Sur le mur, derrière l'autel, est accrochée une toile presque plus immonde que celle restaurée par l'octogénaire espagnole. Sauf que celle-ci est originale.
Je suis assise entre Mémé et Lucienne. Le corps n'est pas arrivé, l'atmosphère est soutenable pour quelques minutes encore.
"J'ai 77 ans !" "86..."
"Et beh moi 24."
"Toi, t'es dans la fleur de l'âge ! T'as encore la vie devant toi !"
Je lève les yeux vers cette année écoulée. Vers ce caisson où on m'a enfoncée.
On ne peut pas pleurer quand on passe un IRM.
On ne peut pas bouger.
Si on pleure, c'est de la torture. Rien que d'imaginer les larmes, la morve, coulant sans pouvoir l'essuyer.
Alors on ne pleure pas pendant un IRM.
C'est à ça que je pense quand l'église se remplit un peu plus.
Mémé voit une dame en noir entrer et me hurle "PORTUGAISE !", sans trop vouloir hurler. 86 ans.
Je ris. Je lui demande si elle a bien éteint son portable. "Non. Mais je l'ai pas pris."
Elles reprennent leur discussion par dessus moi.
"C'est allé vite. Un mois et pouf !"
C'est allé aussi vite que recevoir un email avec les plus vieilles photos qu'on pouvait trouver de lui. Et bien sûr, sur ces clichés, l'image de mon grand-père, jeune et fringuant, comme je ne l'ai jamais connu.
Depuis sa mort, aucune ne m'a réellement touchée.
Les enterrements se sont succédés et j'ai pris le rôle utile de la personne qui a des mouchoirs à portée de main, qui dit aux vieilles quand il y a des marches, qui regarde où est le cimetière sur son gps.

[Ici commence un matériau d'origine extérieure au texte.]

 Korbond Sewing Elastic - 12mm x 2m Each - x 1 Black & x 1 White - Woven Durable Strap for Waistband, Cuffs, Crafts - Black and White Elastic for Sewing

Je sais très bien, comme je sais très bien tout le reste, quel prochain enterrement me touchera.
Le prêtre me regarde de travers quand je ne fais pas le signe de croix, quand je ne chante pas, je guette sur son visage les signes d'un AVC imminent lorsqu'il marque 5 secondes de pause entre chaque phrase.
Il répète à quel point il était "discret", et j'ai l'impression qu'on enterre une ombre.

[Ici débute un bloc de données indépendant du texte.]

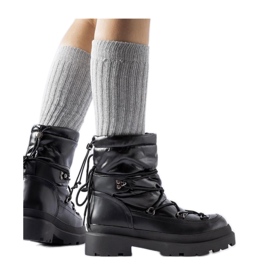 Bottes de neige noires avec revers le noir
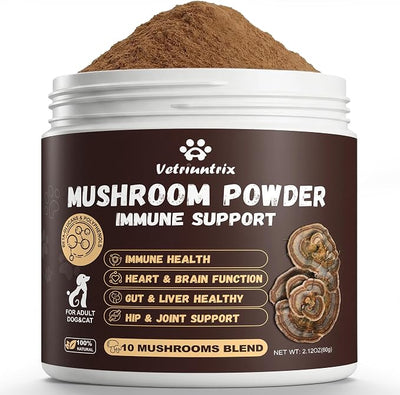 Turkey Tail Mushroom for Dogs & Cats, Organic 10 Mushroom Blend for Lipoma Lumps and Bumps, Dog Mushroom Supplements with 50% Beta Glucan, Joint Gut Immune Skin Support - 60g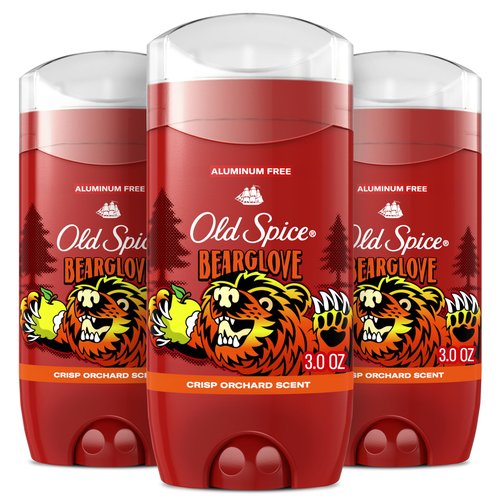 Old Spice Aluminum Free Deodorant for Men, 24/7 Odor Protection, 24/7 Freshness & Lasting Scent, Goes on Clear, Bearglove with Crisp Orchard Scent, 3.0 oz (Pack of 3)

Je me dis qu'à mon enterrement, je voudrais que des gens qui chantent juste. Et des jeunes. Et du rock.
Les tombes se ressemblent toutes, dans le cimetière, et je comprends que je suis devenue une bourgeoise de la mort, à force de ne fréquenter que des nécropoles huppées.

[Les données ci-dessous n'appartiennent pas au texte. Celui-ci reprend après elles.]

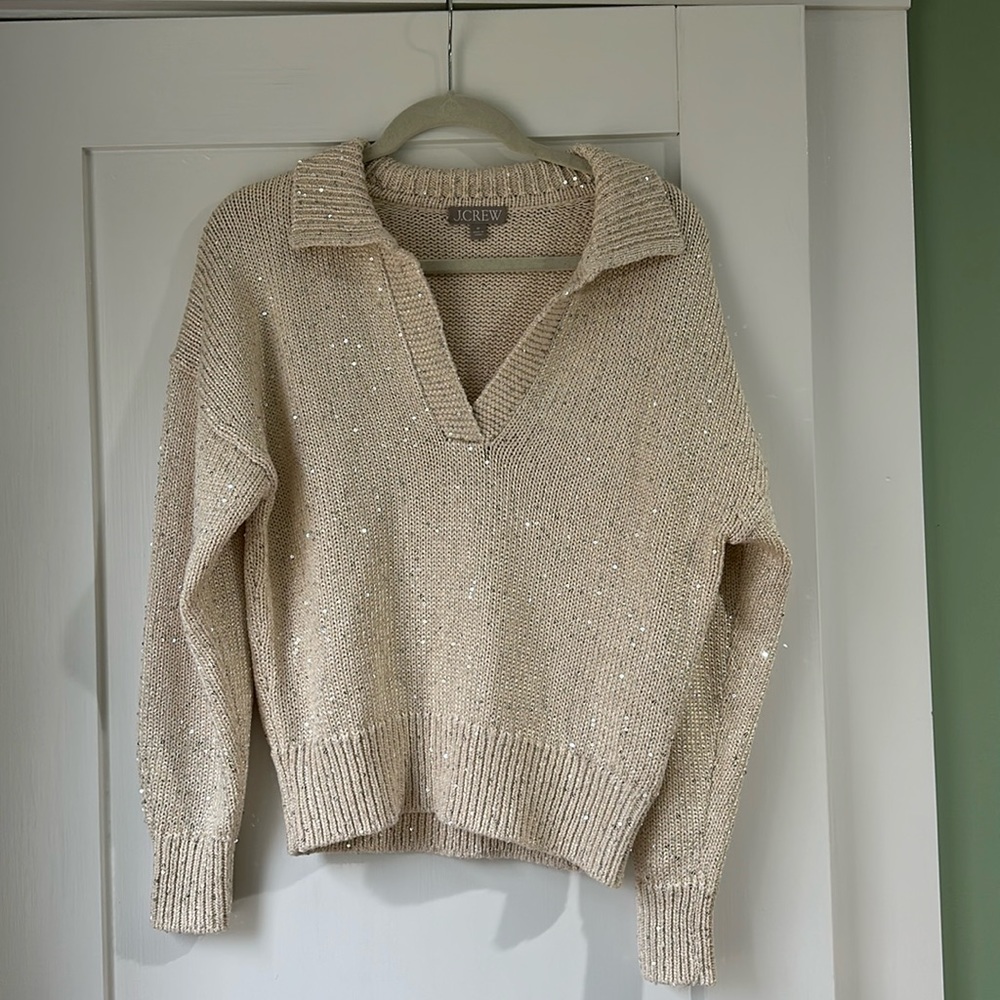 J Crew Sequin V Neck Sweater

La responsable des pompes funèbres est d'une vulgarité sans nom. Incapable de retenir 5 lignes par coeur, elle lit son speech, ses bourrelets dépassent de sa veste cheap, ses cheveux gras à peine coiffés. Je me dis que je ne veux pas de ça non plus.
Ca parait long un enterrement, surtout pendant les prières, mais en fait ça n'est rien.
Un transfert pour une éternité en deux heures à peine.
Et puis rentrer, pour s'occuper des conséquences de la prochaine tumeur sur la famille, en attendant de fuir, loin et longtemps.